» TASK ITEM
In the records below, the part to copy starts at the line containing "אתונה Ionia Luxury" and goes to the last line; output it exactly, without pictures.

#### ENTRIES PROVIDED ####

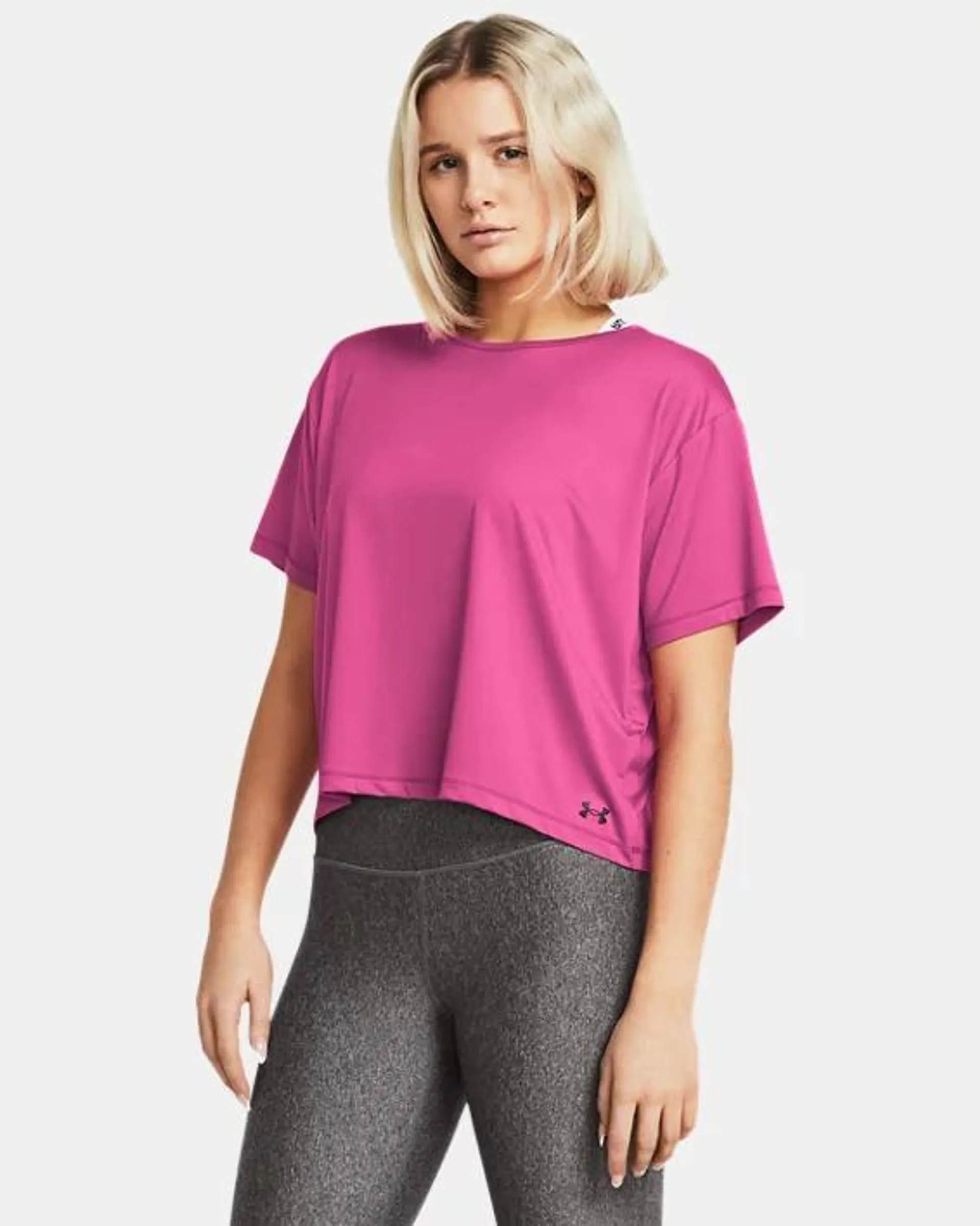 Women's UA Motion Short Sleeve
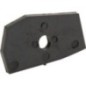 Scraper plate - K3000990 Scraper plate - K3000990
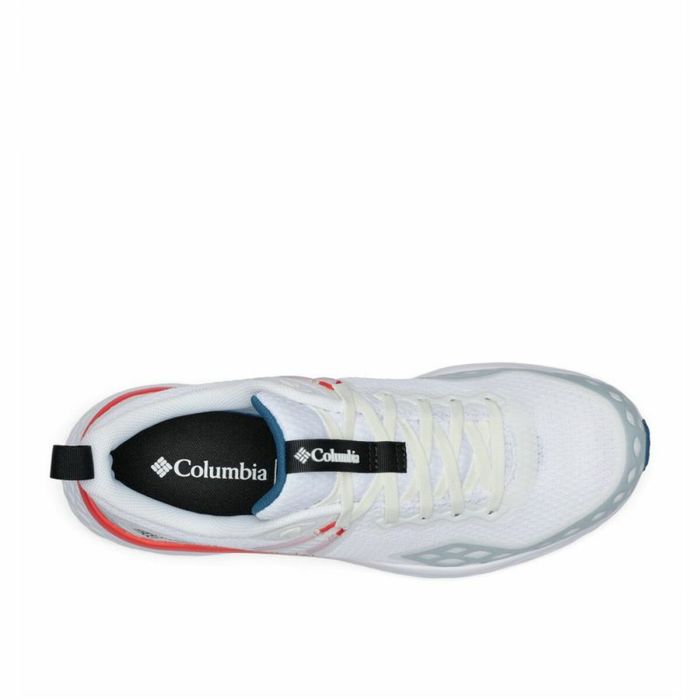 Zapatillas de Running para Adultos Columbia KONOS™ TRS Blanco 4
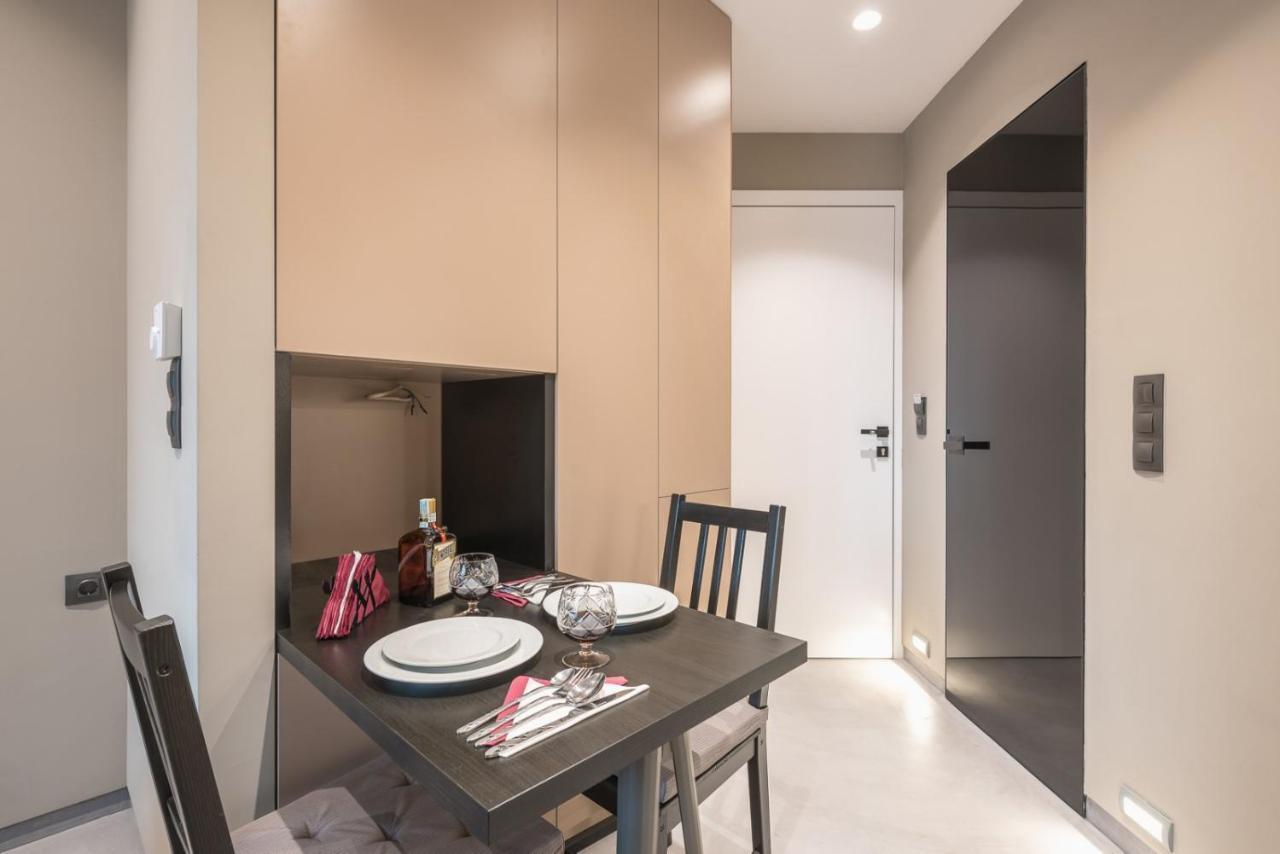 אתונה Ionia Luxury Suites B מראה חיצוני תמונה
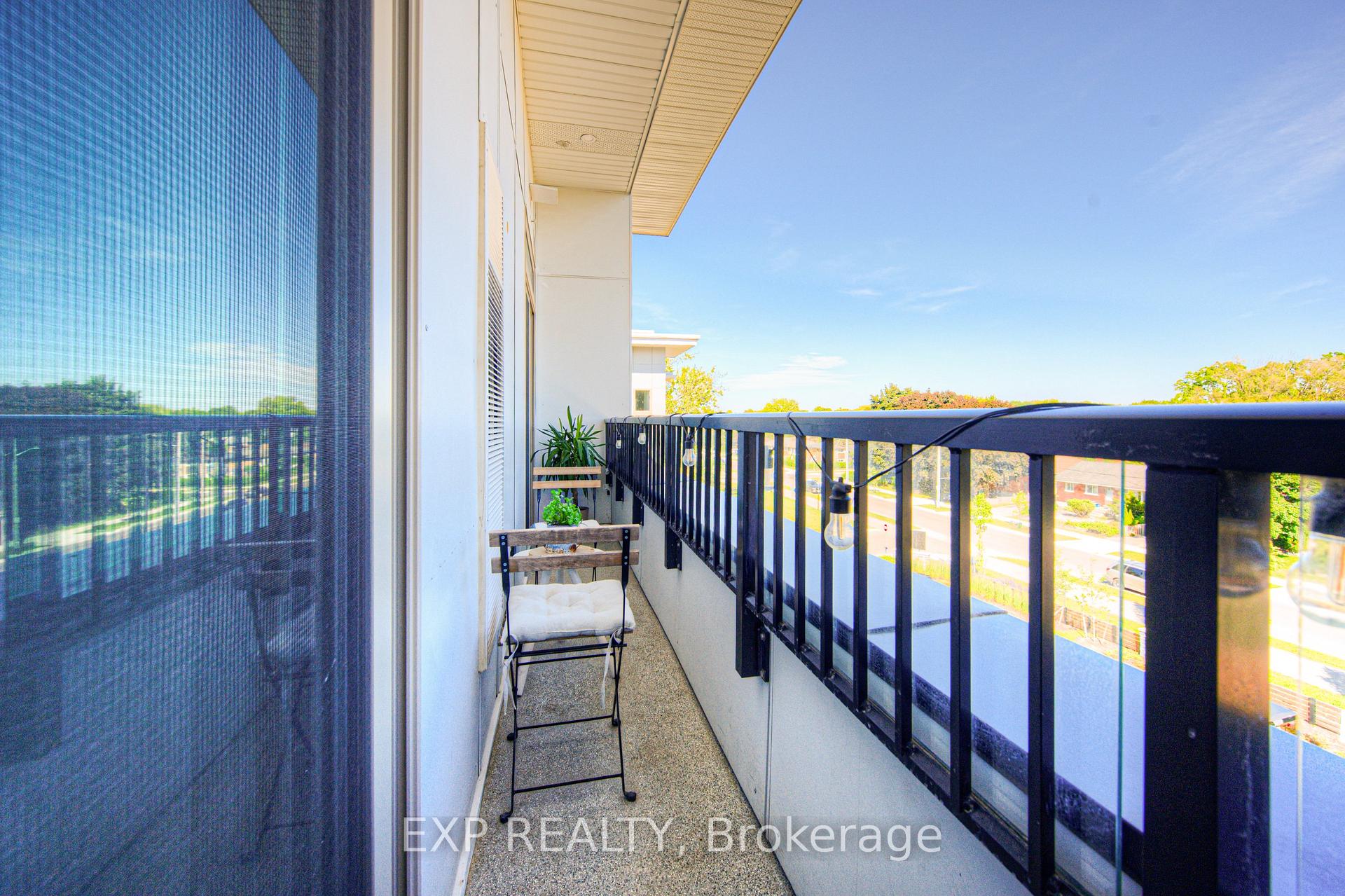 Photo 16 of Unit 420, 110 Fergus Avenue, Kitchener — HOMEH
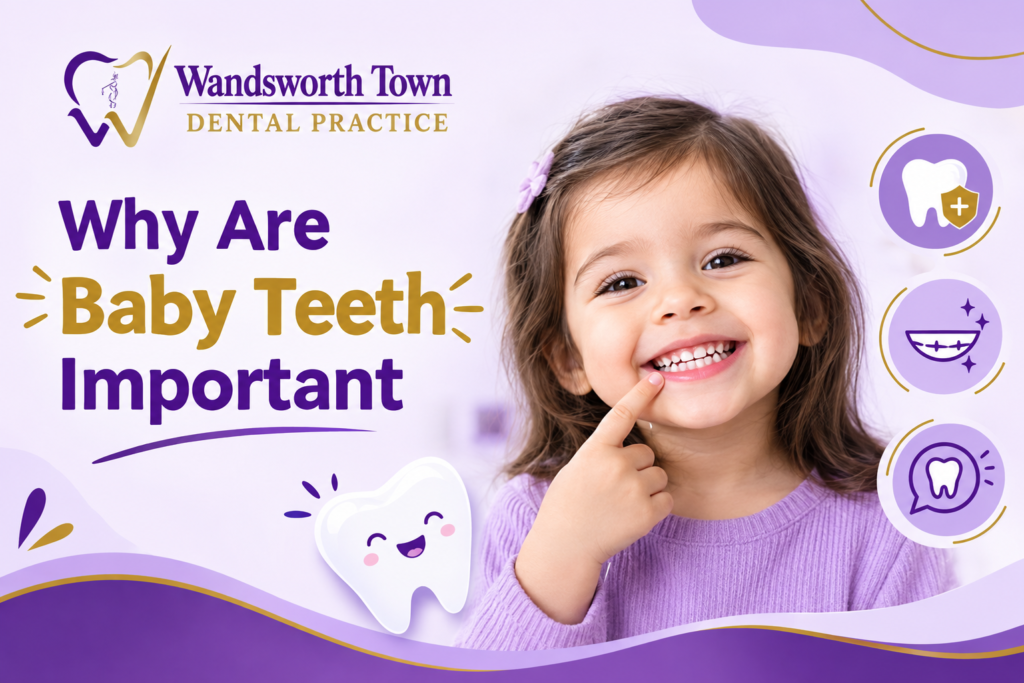 Why Are Baby Teeth Important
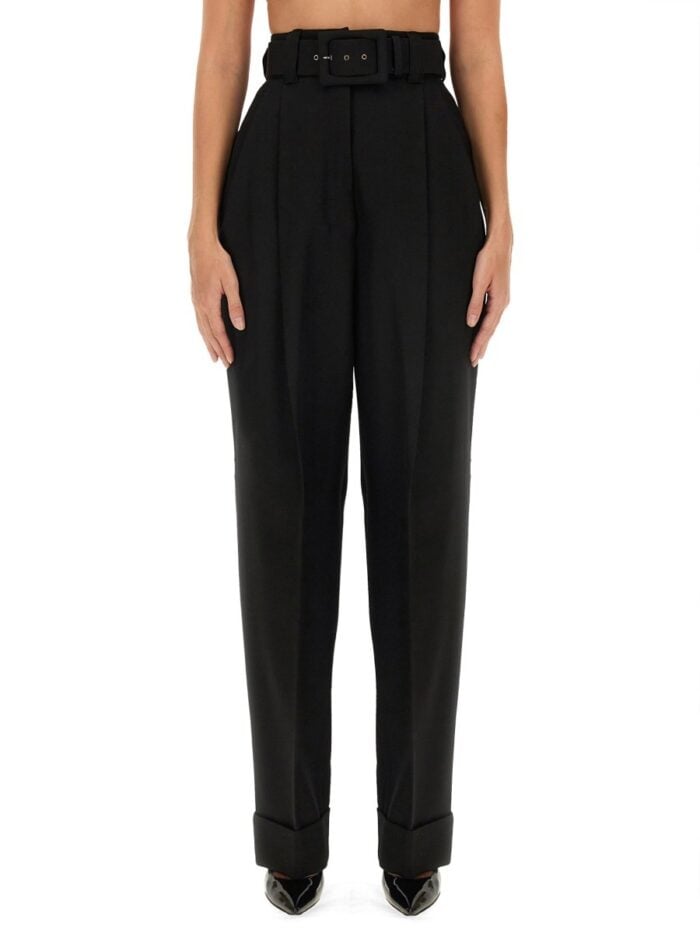 Max Mara STREET PIANO PANTS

####

» FINISHED EXERCISE
 אתונה Ionia Luxury Suites B מראה חיצוני תמונה
 Photo 16 of Unit 420, 110 Fergus Avenue, Kitchener — HOMEH
 Why Are Baby Teeth Important
 Max Mara STREET PIANO PANTS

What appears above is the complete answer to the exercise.